In C++, I can write:

// foo.h
template <typename T>
void Foo(T t) { ... }

// Forward-declare a specific instantiation of the template:
extern template void Foo<int>(int);

// foo.cc

// Explicitly instantiate the template.
template void Foo<int>(int);

extern template makes it so that calling code that happens to instantiate Foo<int> will not actually go and generate code for it, and simply emit a relocation (sound familiar)? The template ... item in the .cc file then provides the definition.

Like in Rust, all templates in C++ are implicitly inline, but you can explicitly "outline" specific common instantiations. I can see this being useful for certain commonly-monomorphized generic functions to help cut down on build times.

The way I imagine it working in Rust (please, please, please do not bikeshed the syntax; it's a strawman) is like so:

struct Foo { ... }
impl Foo {
  fn bar<T>(t: T) { ... }
}

monomorphize!(Foo::bar::<i32>);

This would result in:

  • An instantiation of bar for T = i32, included as an exported linker symbol in the resulting .rlib.
  • Some kind of metadata in the .rlib saying that this specific instantiation is "externed".

Dependents can then skip instantiation if they see this metadata and emit a symbol reference as with any ordinary function.

Extra stuff:

  • We should allow monomorphize!(#[inline] Foo::bar::<i32>), which causes LLVM bitcode to be included for the instantiation, as would happen for a "normal" inline functions (v.s. how each crate would generate its own bitcode for the instantiation).
  • It might be worthwhile to use this mechanism to skip going through the frontend for re-instantiations of generics. For example, if a crate causes Foo::bar::<i32> to be instantiated into LLVM bitcode, it should advertise it to downstream crates for re-use (as if by monomorphize!(#[inline])). If we already make this optimization, awesome! We can hide this behind a -Z flag to opt in/opy if we're worried about disk usage as with -Cembed-bitcode.
  • I don't think we need to worry about orphan rules here, because the result of instantiation is the same across all crates.

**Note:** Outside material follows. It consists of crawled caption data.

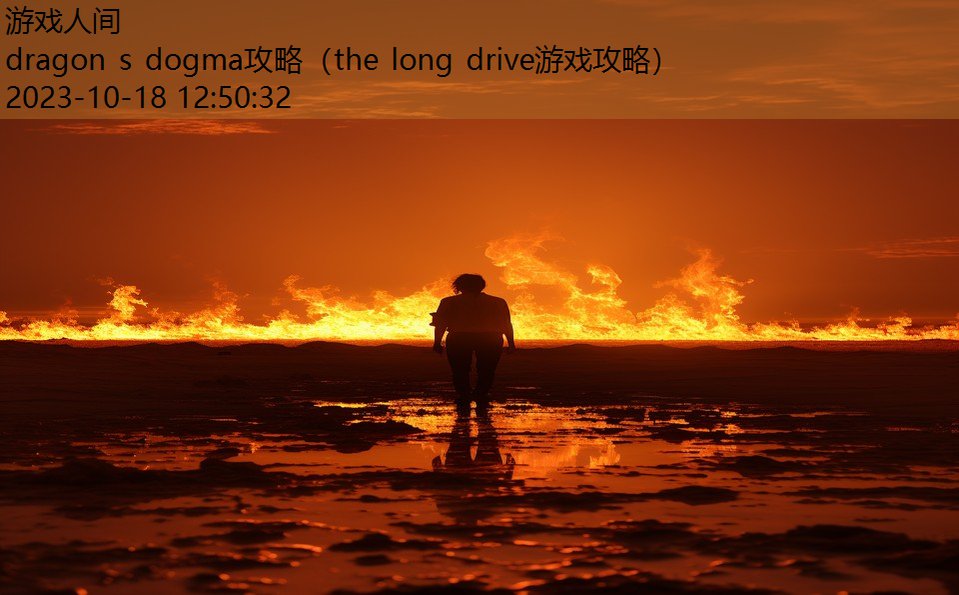 dragon s dogma攻略（the long drive游戏攻略）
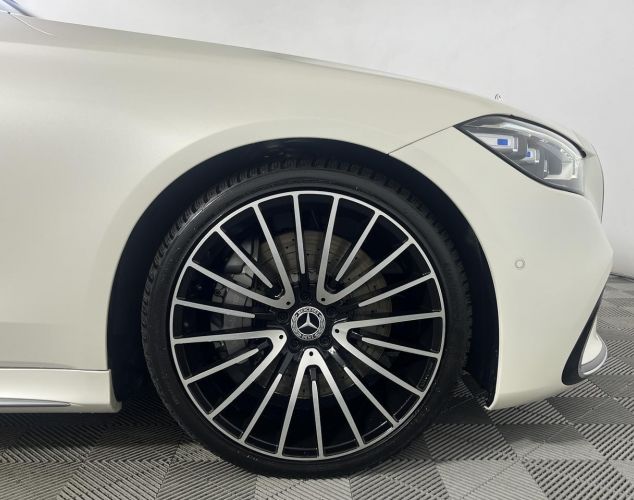 Mercedes-Benz S-Класс  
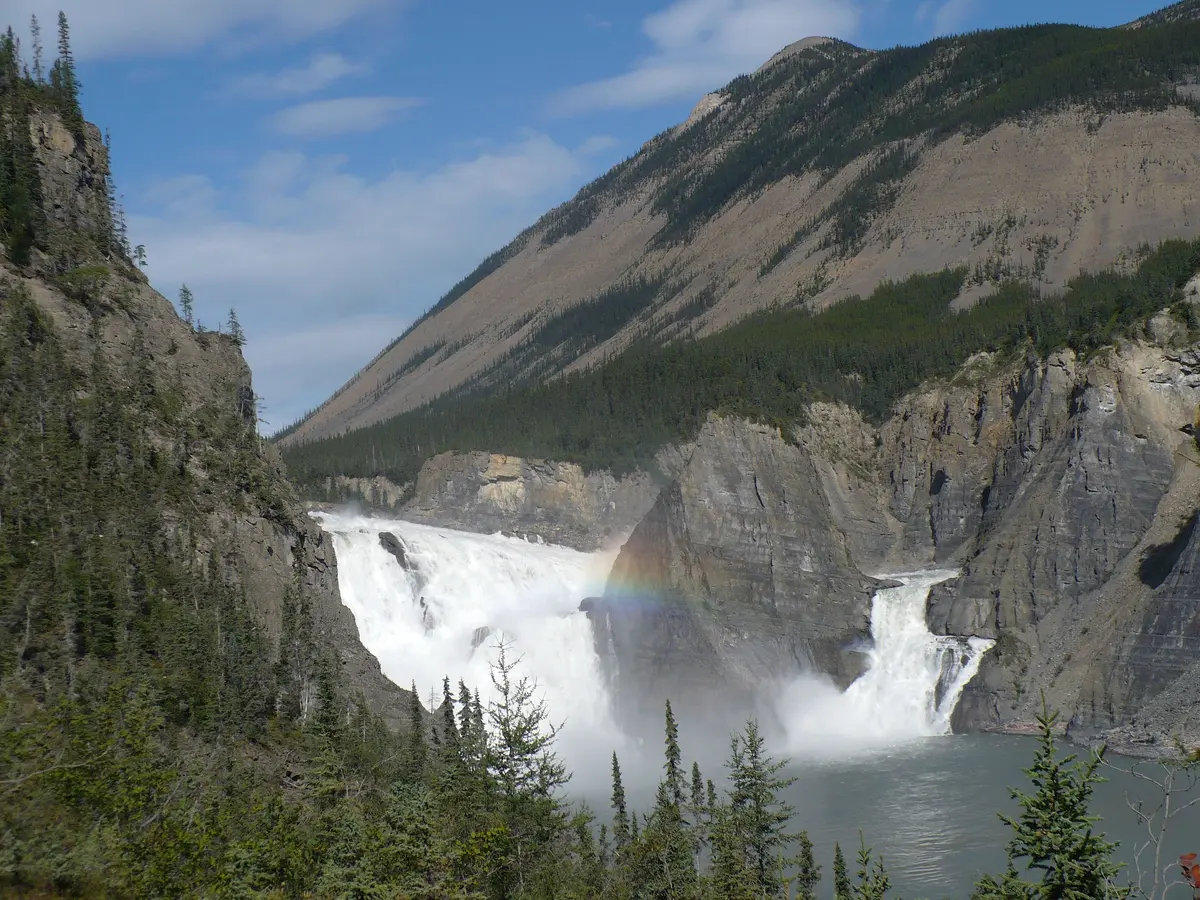 Nahanni National Park Reserve, Northwest Territories, Canada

Given that this is a pure optimization, I don't think it's worthwhile to invent novel syntax like C++ does. Just add a compiler-provided macro or attribute and don't think about it further.

2 Likes

IIUC, this is implemented as -Zshare-generics and is (or at least was at one point) on by default for unoptimized (and size optimized) builds, but off for full optimization builds.

3 Likes

That is still the current state.

Ah. That is somewhat different from what I would propose, since I wanted to pipe bitcode through to make them inlineable. I suspect there is some work to be done here to make it so that we do not lose perf benefits for -O2, as discussed on the CL.